日本のハイテク製品を売って成功するには、アメリカで売れなければ話にならない。世界を日本の製品で、もう一度驚かす。それには、まずアメリカ人を驚かす必要があった。日本とアメリカの文化の違いに悪戦苦闘しながらも優秀な人材を集め、立ち上げた会社はフラクタ(Fracta, Inc.)。ロボットを使って経年劣化が激しいアメリカの水道管を点検し、破損の原因となる傷や厚みなどのデータを収集する事業をスタートさせた。

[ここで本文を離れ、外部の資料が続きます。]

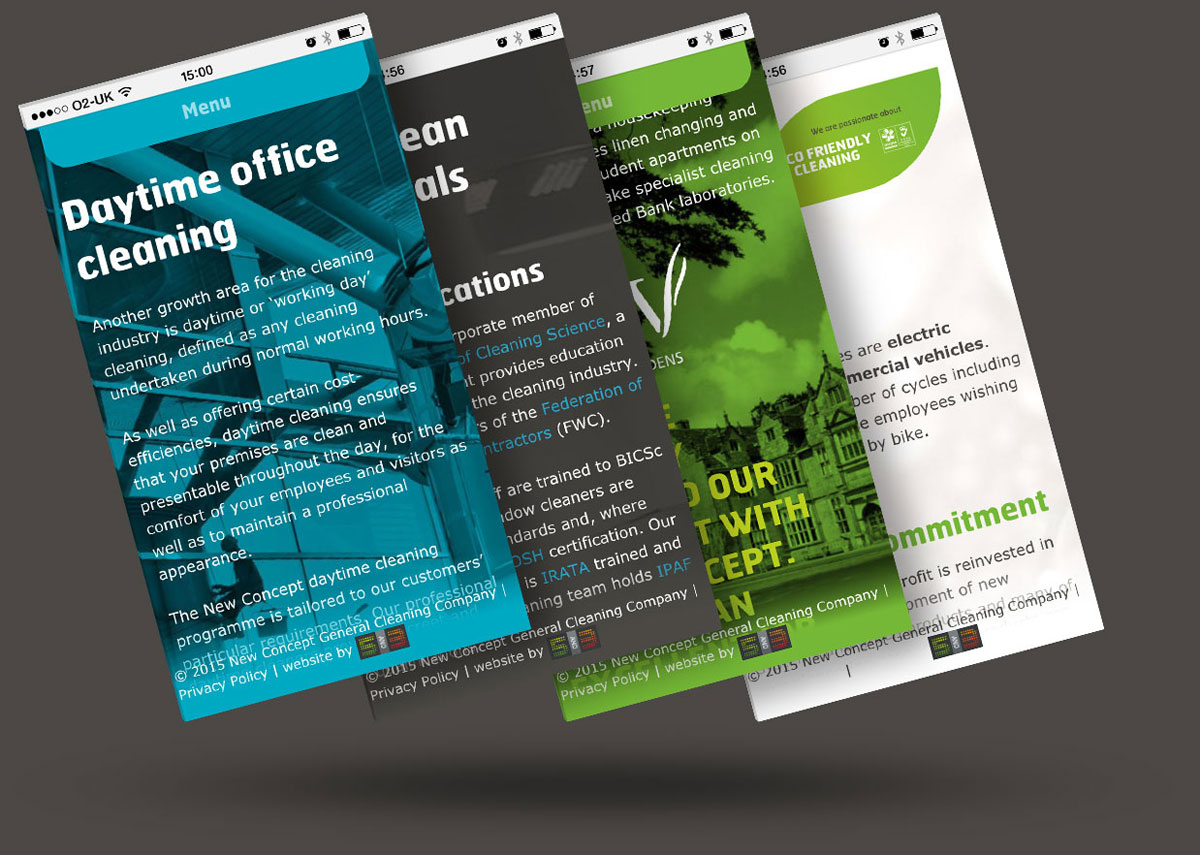 Bespoke mobile website design and build for commercial cleaning company in Surrey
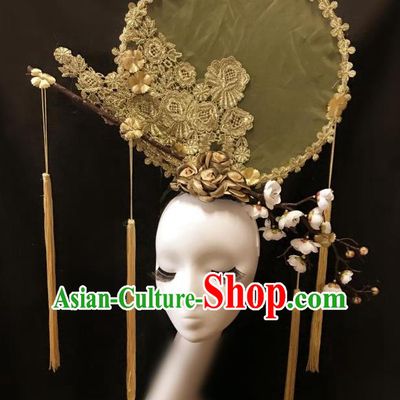 Top Grade Catwalks Tassel Hair Accessories Exaggerated Chinese Traditional Golden Lace Headdress Modern Fancywork Headwear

そして、18年5月31日には、世界の水処理大手企業である栗田工業からの全面的な資本出資を受け入れた。同社の水産業における世界的なブランドをテコに、強力な資金的バックアップを受けながら、協同して北米や欧州、アジアやアフリカといった全世界に事業を展開していく足場を作ることに成功したのだ。
僕は米国カリフォルニア州の北部、サンフランシスコとサンノゼのちょうど真ん中に位置するレッドウッドシティのフラクタ本社で、自分の席に座ってコーヒーを飲みながら、PC上に表示されたプレスリリースをじっと眺めていた。目まぐるしく過ぎ去ったアメリカでの3年間の軌跡を振り返りつつ、安堵とも緊張とも言えぬ不思議な感覚に、身を委ねていたのだ。
その感覚は、「安穏とした将来への希望」などというものではなく、あくまで「まだ自分は、アメリカで生き残っているようだ」という事実の確認にすぎなかったように記憶している。
■生き残りをかけ、もがいた3年間
ちょうど3年前、日本から配管点検ロボットの技術をアメリカに持ち込もうというもくろみで降り立った北カリフォルニア、シリコンバレーと呼ばれるエリアでの生活は、僕の人生を大きく変えることになった。一日一日、全ての気力と体力を使い果たしながら、たった1ミリメートルでも前進しようと、アスリートのような生活を送った。毎日この環境で生き残るために、フラクタのビジネスに全神経を集中させ、アドレナリンを爆発させて生きてきたのだ。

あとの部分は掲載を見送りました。